Sure enough, the monster woke up. I felt that twitch, and I knew I had unlocked the cage. At any moment, that monster could throw a Tasmanian Devil fit and put me on my back. (That’s the image above by the way – that AI-generated tasmanian devil and the injured back sign. I like the real thing, but the Tasmanian Devil on the Bugs Bunny cartoons was, next to Marvin the Martian, my favorite extra character.)
So I yelled at myself, and did a lot of gentle stretching. I sent apologetic thoughts to my physical therapists for not heeding their advice, and I recommitted to my stretching and strength-building routines. I don’t like it, but I need to do it. So far, the monster has twitched a few more times, but it has not unleashed its full fury on my back. I hope that’s the way it stays. That’s a better outcome than I deserve.
After a few days of stretching and pain avoidance, I was walking with Maggie Mae and McDuffy, our two Scottish terriers, when I ran into Mark, one of my neighbors down the street. He was throwing his surfboard into his truck, and we talked about how cold the water was these days. He said he was going to suffer through the pain, and he would eventually enjoy it.
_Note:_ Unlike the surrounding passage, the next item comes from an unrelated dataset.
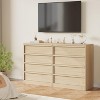 4 Drawer Dresser for Bedroom, Nightstand 4 Chest of Drawers with Large Storage, Small Modern Dresser Organizer Bedside Table for Living Room, Nursery - 4 of 4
He asked if I had heard of David Goggins, and I told him I had not. David Goggins, Mark told me, is a former Navy Seal (are all of those guys awesome advice givers?) who is now an ultra-marathoner, and one of his mantras is, “Do something every day that sucks.”
My first reaction to his statement was to respectfully disagree. If you see Mr. Goggins, he’s kind of a ripped dude, so I think it’s important that he knows I was being respectful when I initially disagreed. But, as I continued to think about it, I wondered if, for those of us who live in a very comfortable world, his message may be exactly what we need to hear. Stretching and strength building are super sucky when compared to the rest of my day. It can be boring and very uncomfortable, and I don’t like either one. As I’ve gotten older, my flexibility has only worsened. Stretching can slow the inevitable decline in flexibility that comes with getting older, so even though I dislike it, I need to embrace it.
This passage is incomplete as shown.